Ora, Carlo Salvemini, lascia l’esecutivo del Pd provinciale ma resta nell’assemblea, quella nazionale compresa, dove è stato eletto. Si fa da parte e spiega le ragioni della sua decisione con una lunga e circoscritta lettera inviata direttamente al segretario provinciale del suo partito, Salvatore Capone. Passaggio centrale della sua missiva e che ha spinto l’ex consigliere comunale e Palazzo Carafa a rassegnare le dimissioni, la candidatura a sindaco di Casarano di Ivan De Masi.
“C’è la decisione del Pd di appoggiare la candidatura di De Masi a sindaco di Casarano – scrive Salvemini - una scelta che considero sbagliata e inopportuna, che s’è deciso di portare sino in fondo al di fuori di ogni discussione in sede politica provinciale. Una scelta – aggiunge - che rivela un irrisolto rapporto tra l’autonomia che un partito deve sempre difendere e tutelare, e il doveroso dialogo con il mondo delle imprese che non deve mai trascendere in compiacenza o collateralismo. Una scelta che azzera ogni principio di coerenza di percorso, che mortifica biografie politiche, che lacera la base locale del partito, che ignora un principio cardine della democrazie moderne, quelle del conflitto d’interessi. Una scelta – continua Salvemini - che ho sentito il bisogno di rendere pubblica nell’ingenua speranza di suscitare un dibattito, un confronto, una dialettica. Non ho ricevuto cenno alcuno: o per la giudicata irrilevanza dell’incompatibilità evidenziata. O per la valutata irrilevanza politica del sottoscritto, al quale dedicare tempo e risposte viene considerato evidentemente superfluo. Nell’uno o nell’altro caso capirai bene che non ho molta scelta”.

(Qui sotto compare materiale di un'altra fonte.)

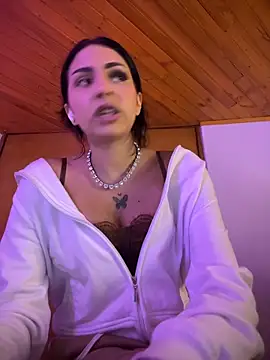 Hilary pinkk online show from 04.21.26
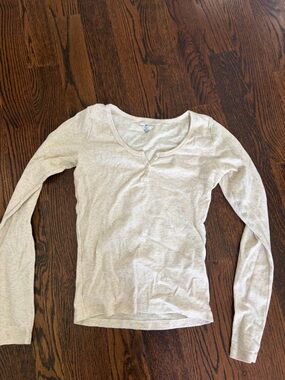 Brandy Melville Light Cream Long-Sleeve Henley Top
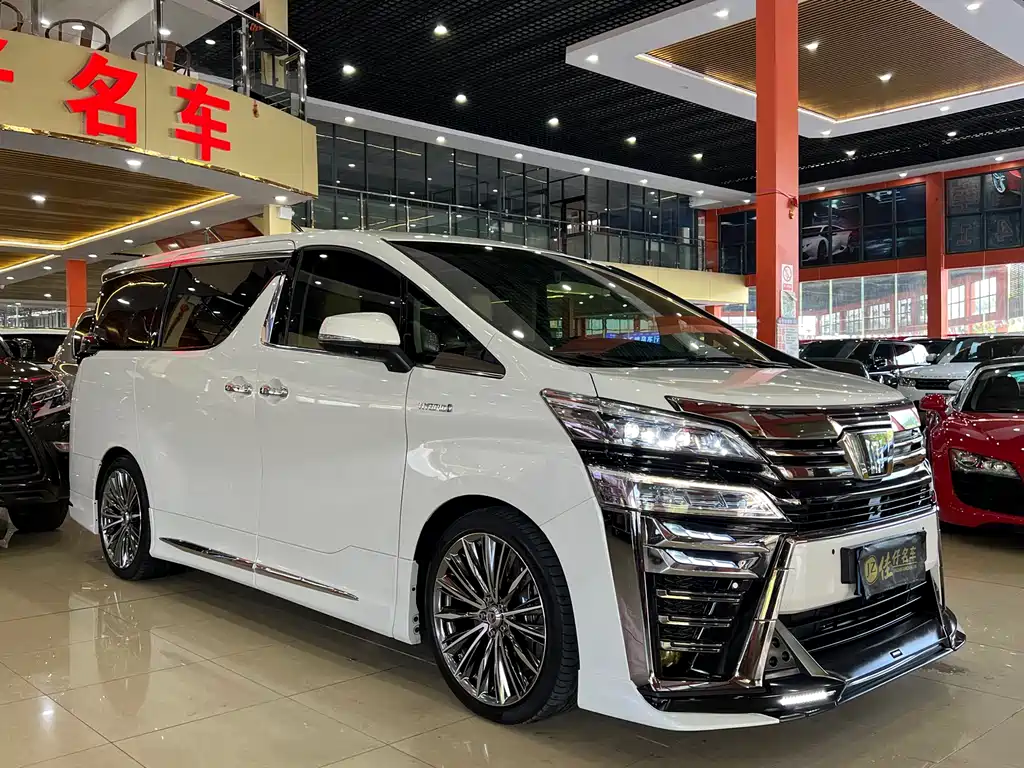 Toyota Vellfire 2021 — фото 3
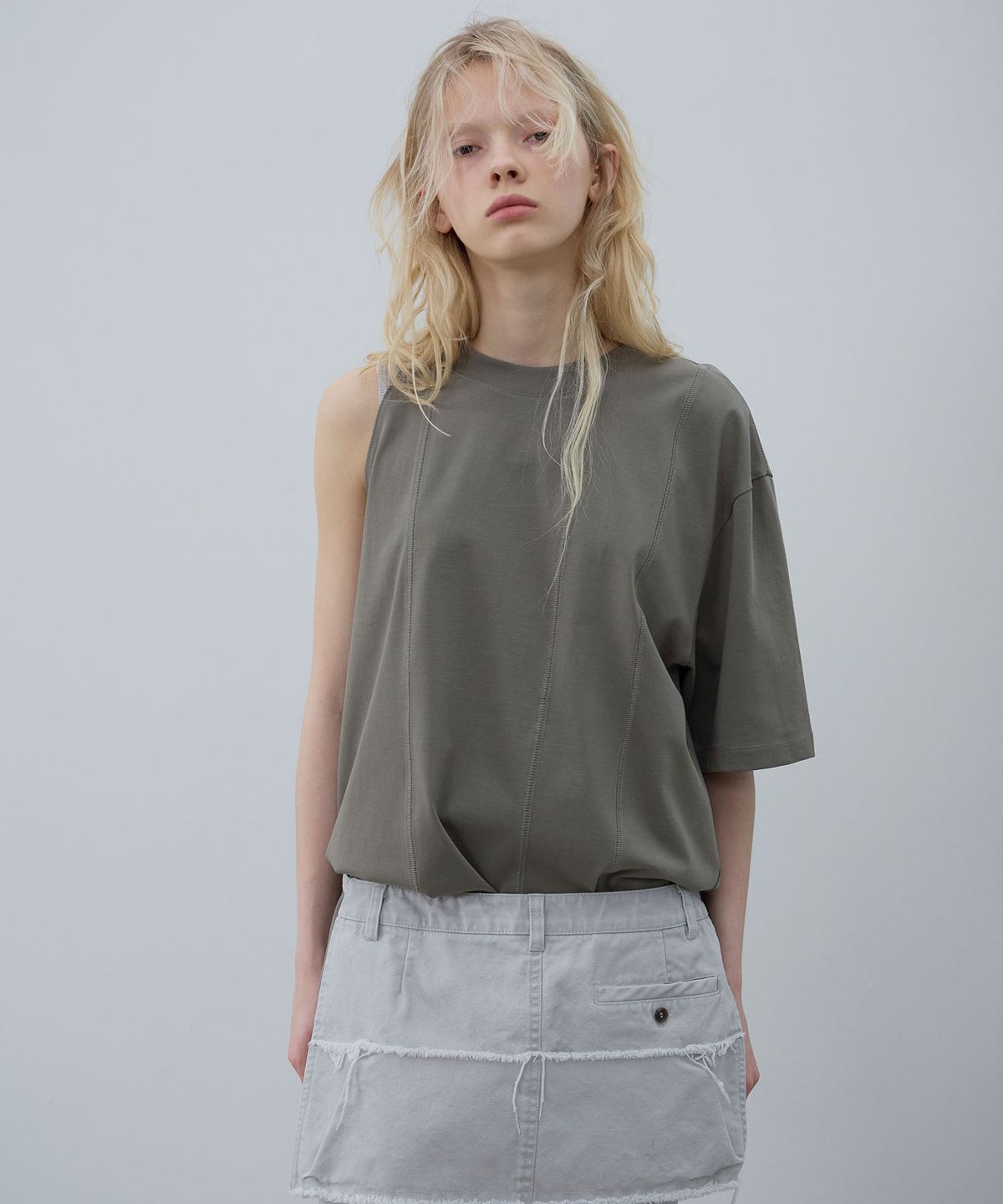 엘씨디씨티엠(LCDC™) SHOULDER SLIT TOP (KHAKI)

Ma Salvemini punta il dito anche contro le “acrobazie” del Pd sotto il tendone dei lavori che stanno portando partiti e movimenti politici verso le provinciali di giugno. “C’è la decisione del Pd, da Emiliano in giù – scrive -, di accreditare politicamente il neo movimento Io Sud, prossimo alleato proprio a Casarano e da molti di noi oggi considerato tale anche nell’eventuale ballottaggio a Palazzo dei Celestini. Lo stesso accordo siglato per l’elezioni provinciali a Brindisi sul candidato dell’Udc prelude ad una decisione analoga: in tal senso vanno le interviste di Mazzarano e Sanza di questi giorni. Non è in discussione il peso politico della leadership di Adriana Poli Bortone con la quale tutti, Pd incluso, devono fare i conti. Ma accreditarla come interlocutrice seria e credibile, indicarla come testimonial di un modello di governo locale al quale tributare riconoscimenti e plausi, rappresenta ai miei occhi un acrobazia troppo spericolata. Sono stanco di questo esasperante esercizio di real politik in cui s’esercita il Pd.
Conclude poi la lettera con “l’augurio che queste mia distonia nei confronti del Pd salentino e regionale possa presto interrompersi. Di certo mi sento sempre di appartenere ad un partito che nel mio piccolo ho contribuito a far nascere insieme ad altri milioni di persone. E quindi rimarrò al mio posto nell’assemblea provinciale e in quella nazionale, nella quale sono state eletto”.